Pictures appear among the records below and must be omitted. Repeat exactly the lines from the line with "Octo eight day" to the line with "The unhappy woman sit near the man on the sofa The", both included.

(SOURCE MATERIAL)
+ + + +

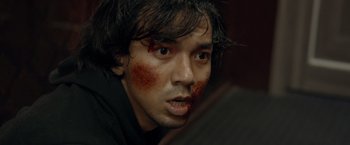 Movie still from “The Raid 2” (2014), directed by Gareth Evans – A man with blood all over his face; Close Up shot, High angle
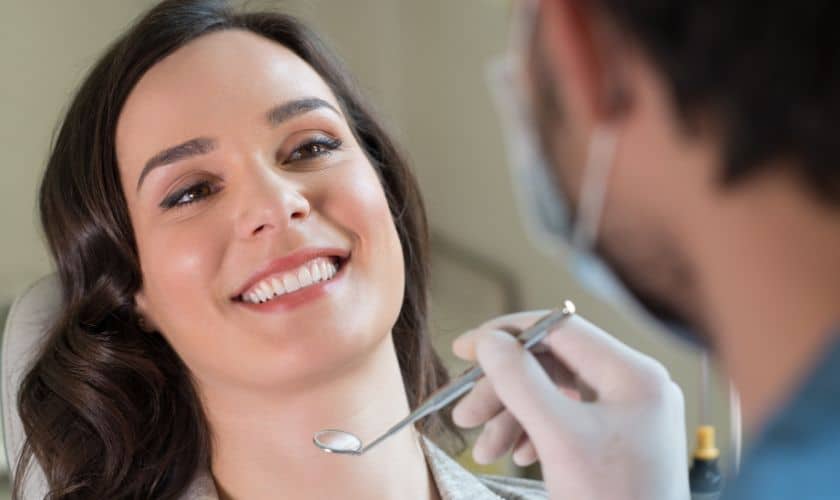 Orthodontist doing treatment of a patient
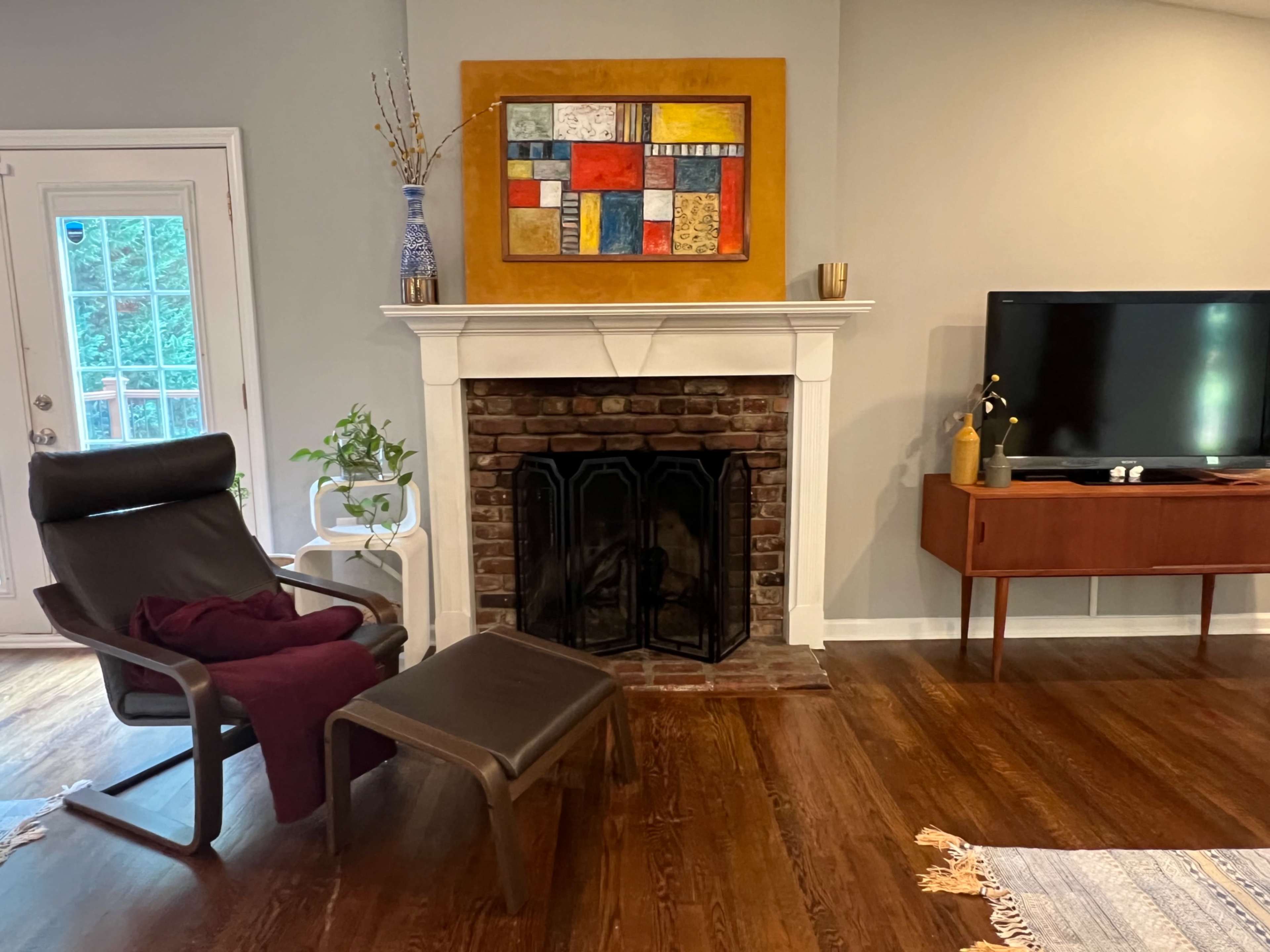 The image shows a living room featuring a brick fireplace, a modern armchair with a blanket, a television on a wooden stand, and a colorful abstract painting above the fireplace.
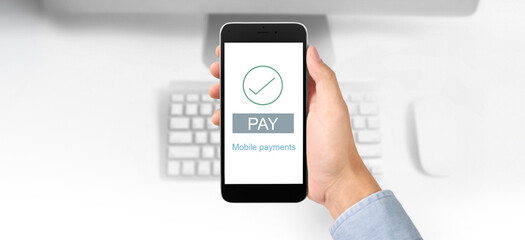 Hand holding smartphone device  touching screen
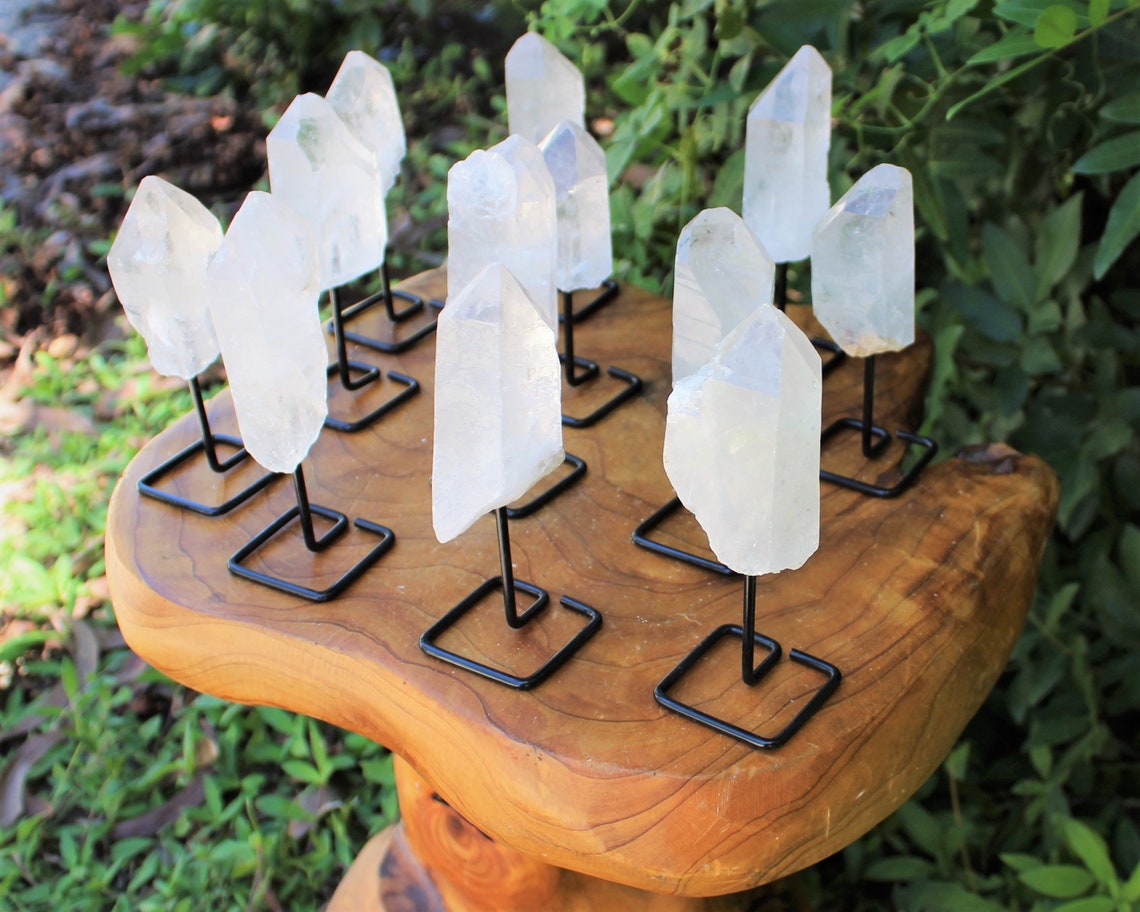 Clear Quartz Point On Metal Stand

+ + + +

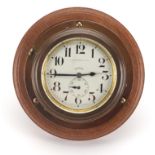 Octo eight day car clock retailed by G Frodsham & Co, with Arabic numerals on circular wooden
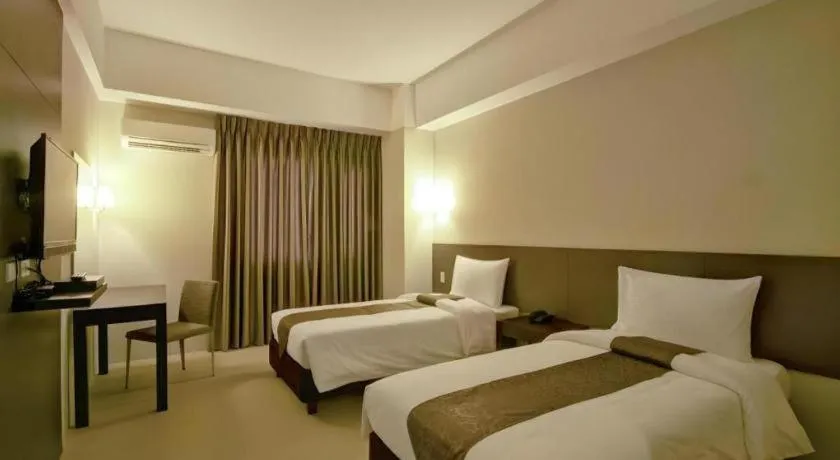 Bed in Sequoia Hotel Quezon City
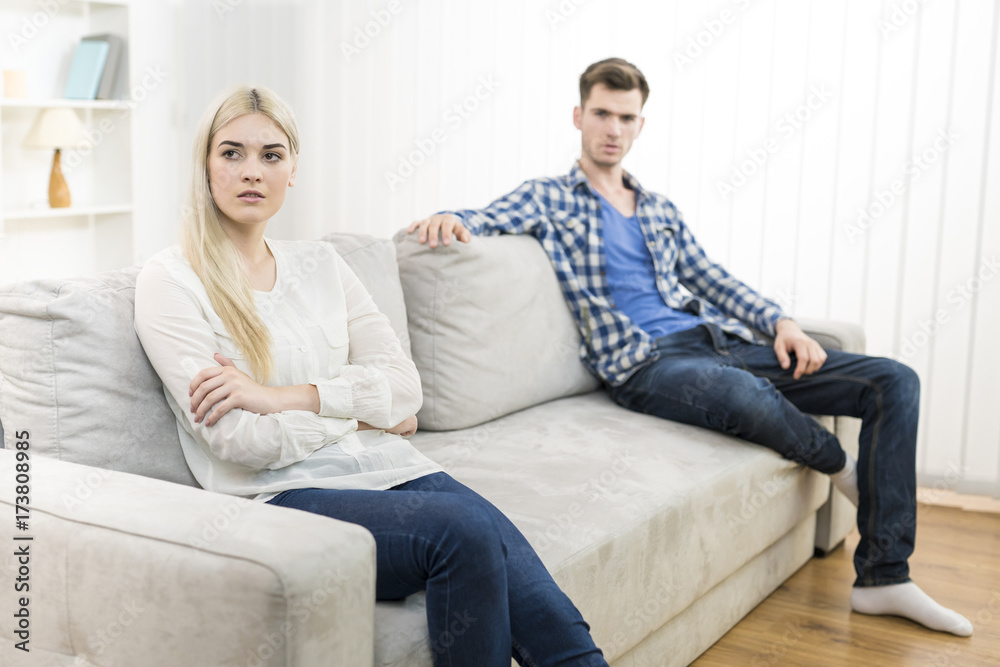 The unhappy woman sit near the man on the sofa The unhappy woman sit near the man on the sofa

+ + + +

(SOLUTION)
 Octo eight day car clock retailed by G Frodsham & Co, with Arabic numerals on circular wooden
 Bed in Sequoia Hotel Quezon City
 The unhappy woman sit near the man on the sofa The unhappy woman sit near the man on the sofa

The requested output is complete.